Searching Fillets

You can search four-sided fillets and analyze their radii.

Notes: Not all fillets can be detected, nor reconstructed.
  • Three-sided junctions of fillets are not detected. Fillets finishing in a triangle are not detected, at least whenever they have only three sides.
    Tip: Recreate those fillets as fills.
  • The notion of number of sides is based on geometric considerations: Two adjacent edges of the boundary are not in the same side if they form a sharp angle. Sometimes, a face may be seen as having three sides, whereas it has more than three sides, geometrically speaking.
  • Fillets with variable radius are not dealt with.

It is impossible to have an overview of the size of the fillets of a model. You must be familiar with the model, or work by trial and error.

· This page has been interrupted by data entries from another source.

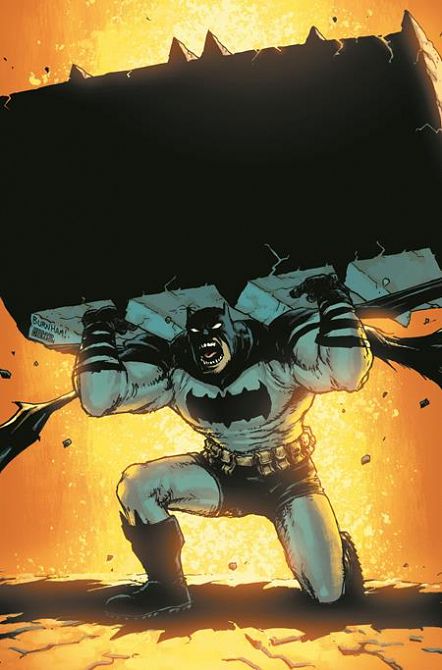 ABSOLUTE BATMAN #11 ABSOLUTE BATMAN #11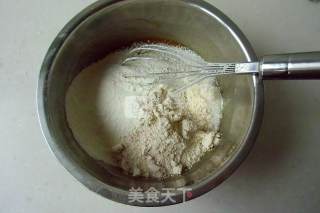 亚麻籽燕麦酥饼的做法步骤：6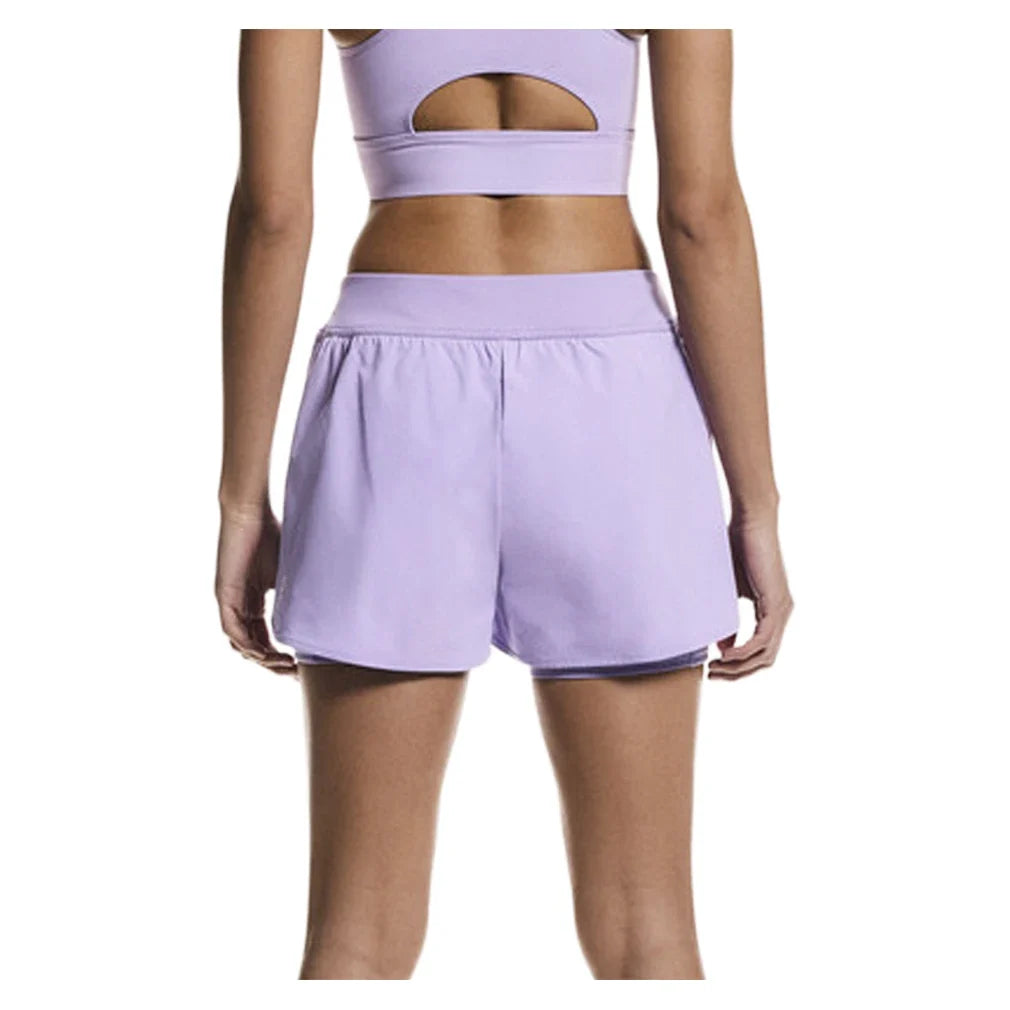 Women's 3 Inch Court 2-in-1 Tennis Short Bloom,Apparel,On,,,Tennis Express,1WG10224363-5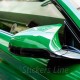 Pellicola adesiva verde Lucido Metallizzato cromo car wrapping auto moto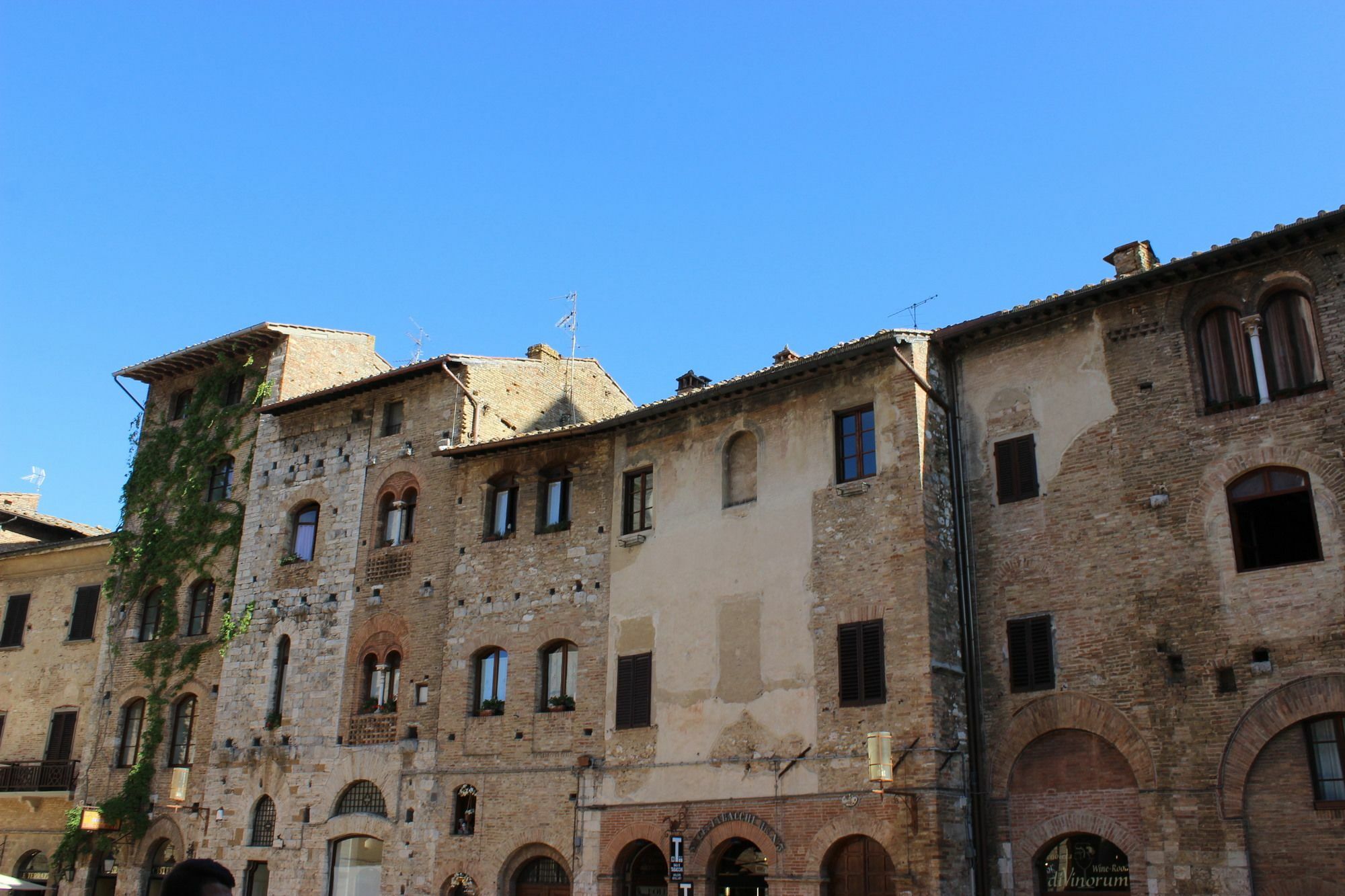 B&B Ridolfi San Gimignano Eksteriør bilde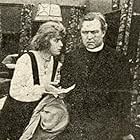 Hobart Bosworth and Jane Novak in The Scarlet Sin (1915)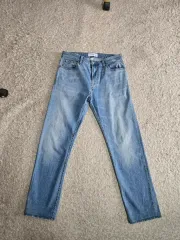 メンズ32 Calvin Klein ストレッチ デニム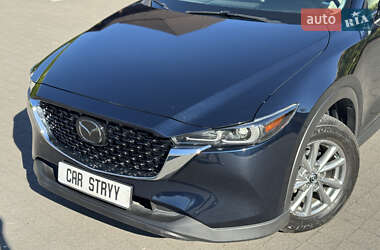 Внедорожник / Кроссовер Mazda CX-5 2022 в 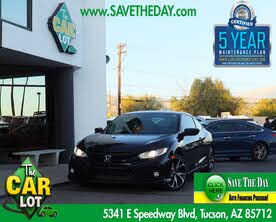 Honda Civic Coupe Si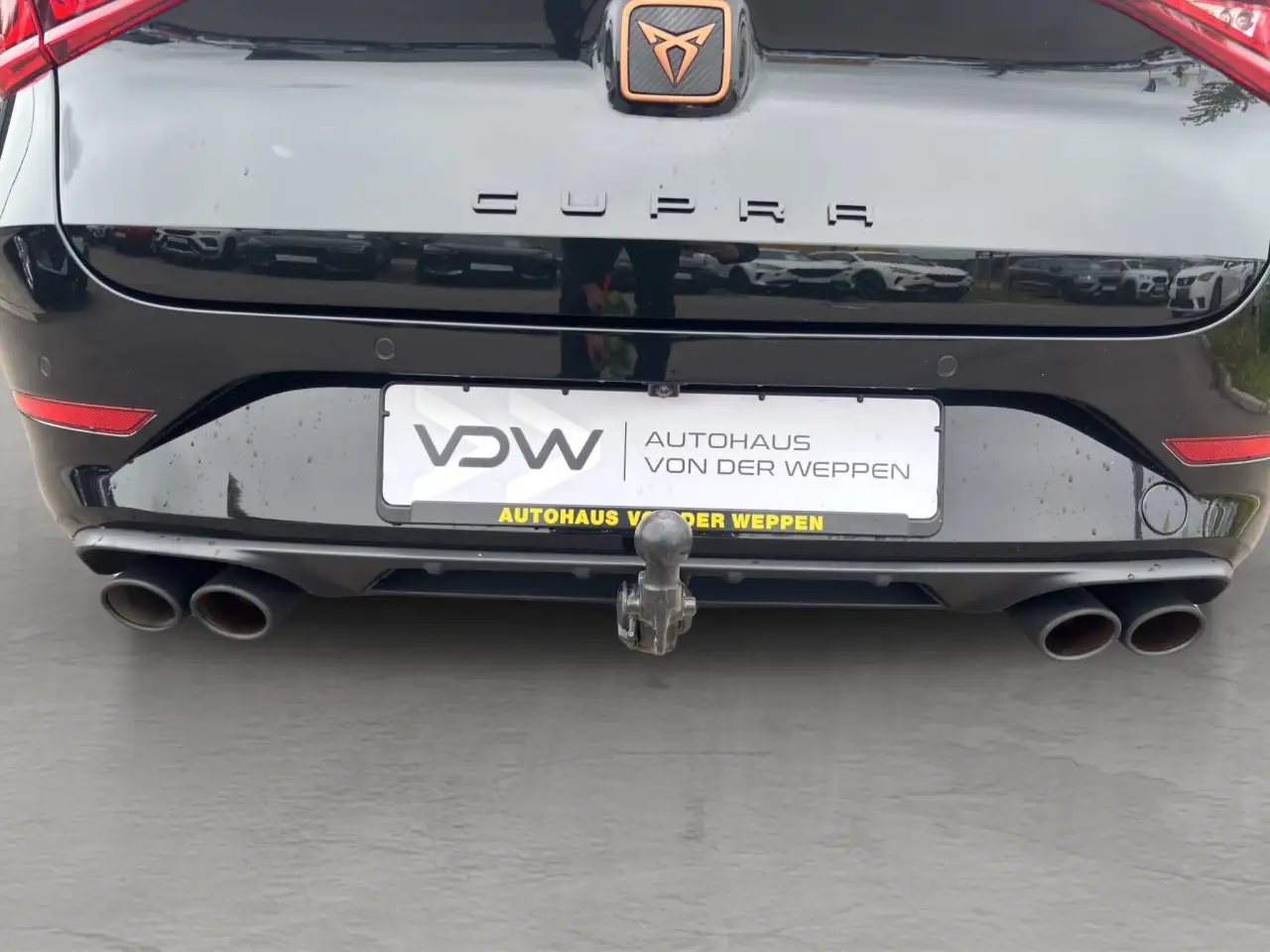 CUPRA Leon ST TSI DSG VZ 5JGar AHK FahrAsXL Beats SHZ — معرض صور السيارة 19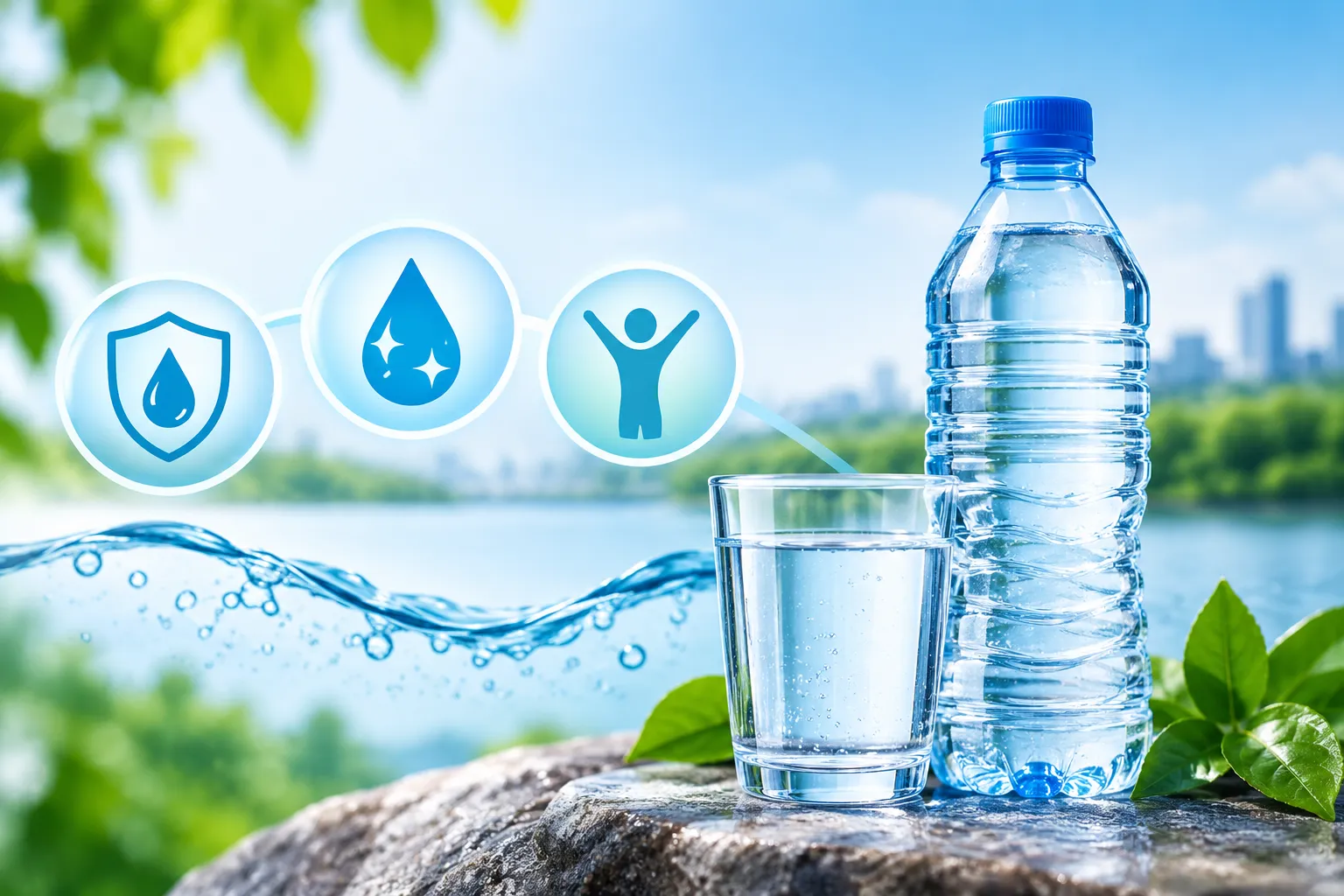 mineral water manufacturer in Bhubaneswar
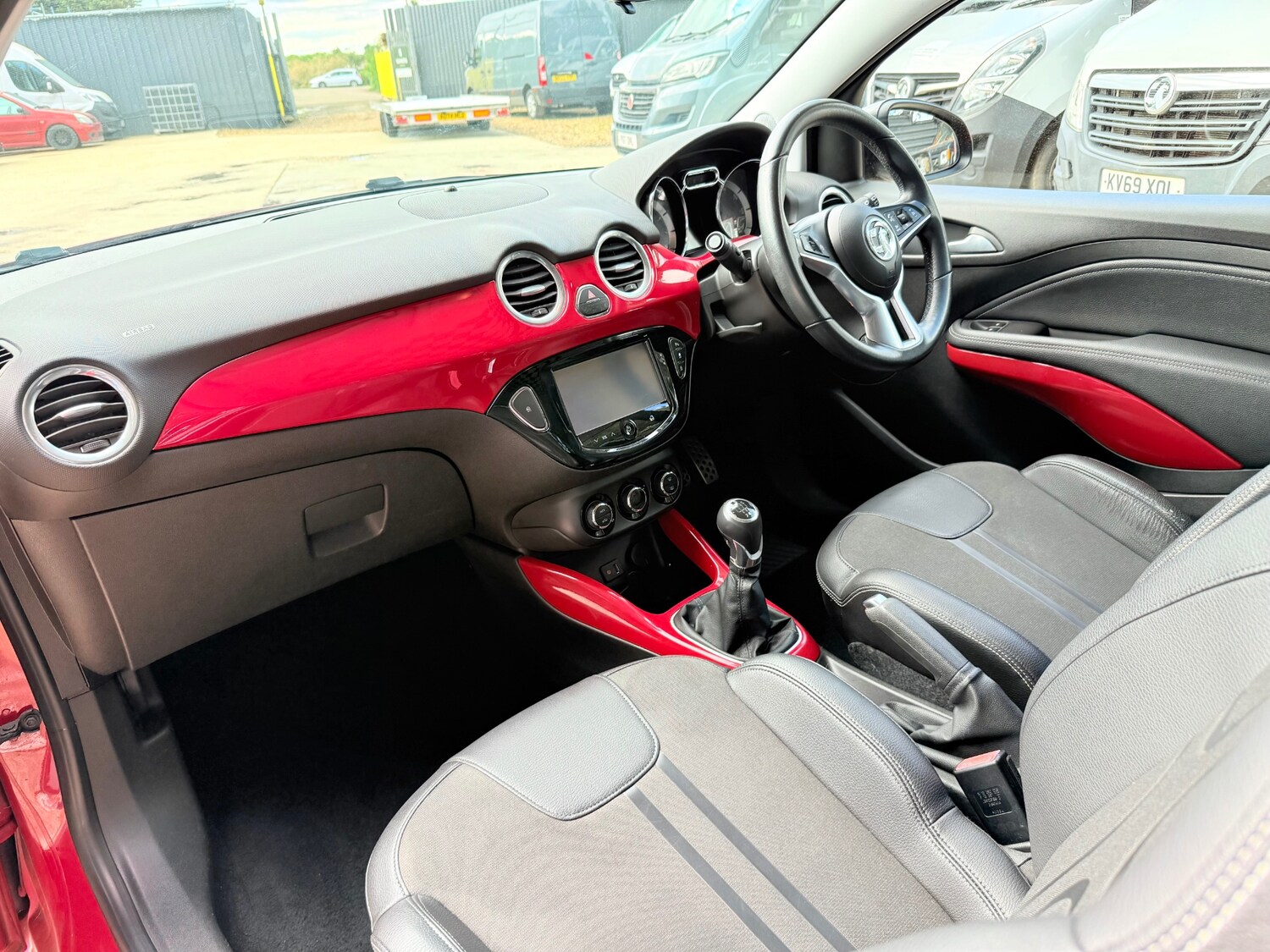 Vehicle 15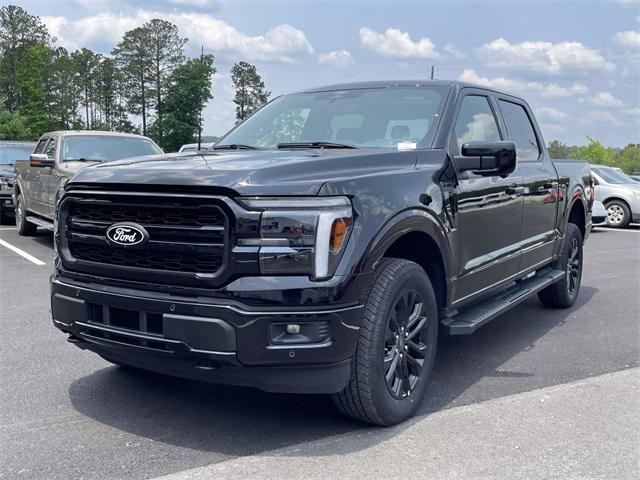 new 2025 Ford F-150 car, priced at $66,293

Tip: Handle first the fillets that are easy to recognize, and then that you handle more complex areas.

  1. If you are working in an assembly, activate the part containing the surfaces to analyze.
  2. From the Analysis & Preparation section in the action bar, click Search Fillets .
  3. Select the Shape.

    Multi-Selection is available .

  4. Select the output type:
    • : The output is only a color attribute to be used later on.
    • : The output is extracts. You can reconstruct the fillets using Modify Fillet Radius, or in some cases, other commands such as fills.
  5. Optional: Select the Direction of search (pulling direction or stamping direction).
  6. Optional: From the list, select the type of fillets to search.

    Warning: This is meaningless if the surface to analyze presents undercut areas with respect to the direction selected below.

  7. For an easier detection, select one radius values interval, with the smallest possible Minimum and Maximum radius values.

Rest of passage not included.